Cluster environment
Computing Resources
| Name | Hostname | Type | Administration | Access |
|---|---|---|---|---|
| Cluster CEMEF | front-in1-cluster.cemef.mines-paristech.fr | cluster | CEMEF | CEMEF |
| Mast-in | mast-in-cluster.cemef.mines-paristech.fr | cluster | CFL | CFL |
| Cortex | cortex.interne.mines-paristech.fr | node | CFL | MINDS |
Connection
Access to computing resources is done using the SSH protocol:
$ ssh username@hostname
Example:
$ ssh aurelien.larcher@mast-in-cluster.cemef.mines-paristech.fr
If the remote username is the same as the local username it can be omitted.
To avoid typing the full hostname, entries can be added to the .ssh/config file in the home directory, see the SSH documentation.
Example:
phainos> ssh mast-in
aurelien.larcher@mast-in-cluster.cemef.mines-paristech.fr's password:
Welcome to Ubuntu 18.04.3 LTS (GNU/Linux 4.15.0-74-generic x86_64)
* Documentation: https://help.ubuntu.com
* Management: https://landscape.canonical.com
* Support: https://ubuntu.com/advantage
System information as of Wed Jan 15 17:05:55 UTC 2020
System load: 0.0 Users logged in: 2
Usage of /: 18.0% of 125.93GB IP address for enp5s0f0: 10.202.96.2
Memory usage: 5% IP address for enp5s0f1: 172.20.128.200
Swap usage: 0% IP address for ib0: 172.20.144.200
Processes: 288
* Overheard at KubeCon: "microk8s.status just blew my mind".
https://microk8s.io/docs/commands#microk8s.status
* Canonical Livepatch is available for installation.
- Reduce system reboots and improve kernel security.
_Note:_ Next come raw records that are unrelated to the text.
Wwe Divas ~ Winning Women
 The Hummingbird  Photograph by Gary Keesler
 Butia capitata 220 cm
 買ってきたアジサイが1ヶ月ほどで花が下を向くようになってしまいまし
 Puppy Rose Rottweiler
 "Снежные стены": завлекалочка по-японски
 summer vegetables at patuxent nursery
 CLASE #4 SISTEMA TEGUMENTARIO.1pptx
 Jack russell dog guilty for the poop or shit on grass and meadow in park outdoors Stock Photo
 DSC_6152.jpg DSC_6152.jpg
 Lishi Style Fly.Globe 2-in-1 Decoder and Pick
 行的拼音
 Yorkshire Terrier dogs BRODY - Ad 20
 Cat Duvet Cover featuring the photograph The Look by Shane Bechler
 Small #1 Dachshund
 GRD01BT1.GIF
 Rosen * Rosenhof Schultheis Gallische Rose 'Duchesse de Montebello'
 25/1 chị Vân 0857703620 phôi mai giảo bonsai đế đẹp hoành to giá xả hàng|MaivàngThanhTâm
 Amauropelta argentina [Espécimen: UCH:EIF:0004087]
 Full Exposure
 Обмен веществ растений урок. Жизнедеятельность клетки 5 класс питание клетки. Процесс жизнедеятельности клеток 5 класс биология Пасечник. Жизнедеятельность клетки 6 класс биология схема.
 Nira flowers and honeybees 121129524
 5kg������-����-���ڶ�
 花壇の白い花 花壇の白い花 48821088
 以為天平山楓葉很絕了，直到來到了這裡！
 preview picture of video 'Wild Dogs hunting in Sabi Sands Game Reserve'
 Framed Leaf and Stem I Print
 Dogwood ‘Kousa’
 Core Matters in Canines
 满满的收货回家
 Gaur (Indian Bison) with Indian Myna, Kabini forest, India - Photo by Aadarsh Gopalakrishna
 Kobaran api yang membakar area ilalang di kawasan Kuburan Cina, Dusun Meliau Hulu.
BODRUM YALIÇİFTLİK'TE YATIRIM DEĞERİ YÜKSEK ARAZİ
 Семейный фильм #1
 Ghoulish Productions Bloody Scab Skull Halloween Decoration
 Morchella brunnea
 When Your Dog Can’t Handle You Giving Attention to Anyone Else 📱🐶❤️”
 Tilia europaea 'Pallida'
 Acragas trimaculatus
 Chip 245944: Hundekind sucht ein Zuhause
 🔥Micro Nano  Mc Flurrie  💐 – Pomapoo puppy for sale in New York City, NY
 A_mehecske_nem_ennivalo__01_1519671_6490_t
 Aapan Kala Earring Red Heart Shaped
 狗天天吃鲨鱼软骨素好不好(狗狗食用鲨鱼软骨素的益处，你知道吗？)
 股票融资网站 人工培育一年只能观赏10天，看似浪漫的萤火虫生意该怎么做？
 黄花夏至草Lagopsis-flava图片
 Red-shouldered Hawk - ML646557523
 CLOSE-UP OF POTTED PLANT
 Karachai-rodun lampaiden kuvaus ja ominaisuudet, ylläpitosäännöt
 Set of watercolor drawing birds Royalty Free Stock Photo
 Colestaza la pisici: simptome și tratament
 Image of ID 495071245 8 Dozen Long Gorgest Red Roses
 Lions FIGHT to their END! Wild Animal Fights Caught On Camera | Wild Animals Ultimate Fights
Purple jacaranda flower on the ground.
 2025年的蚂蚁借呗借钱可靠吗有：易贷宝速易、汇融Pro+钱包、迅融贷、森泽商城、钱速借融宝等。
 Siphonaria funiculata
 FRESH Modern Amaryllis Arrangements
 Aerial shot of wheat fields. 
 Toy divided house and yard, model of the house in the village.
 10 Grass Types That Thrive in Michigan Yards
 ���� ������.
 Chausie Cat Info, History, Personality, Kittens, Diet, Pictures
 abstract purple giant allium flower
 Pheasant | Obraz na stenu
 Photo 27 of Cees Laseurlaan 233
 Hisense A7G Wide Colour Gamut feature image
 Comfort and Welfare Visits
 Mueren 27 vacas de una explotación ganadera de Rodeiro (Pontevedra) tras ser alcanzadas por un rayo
Activate at:
https://ubuntu.com/livepatch
1 package can be updated.
1 update is a security update.
Last login: Wed Jan 15 17:05:21 2020 from 77.158.181.22
You can check that the shell runs on the remote computer:
aurelien.larcher@mast-in:~$ hostname
mast-in
Access to files
Users home directories can be accessed using SSH, this can be convenient to work on your file using a graphical editor.
Ubuntu GNOME
Open the File Browser, click on "+ Other Locations", enter the ssh URI, then click on "Connect".

No need to enter the full hostname if the short alias is declared in .ssh/config.
Navigate to your home directory in /gcfl.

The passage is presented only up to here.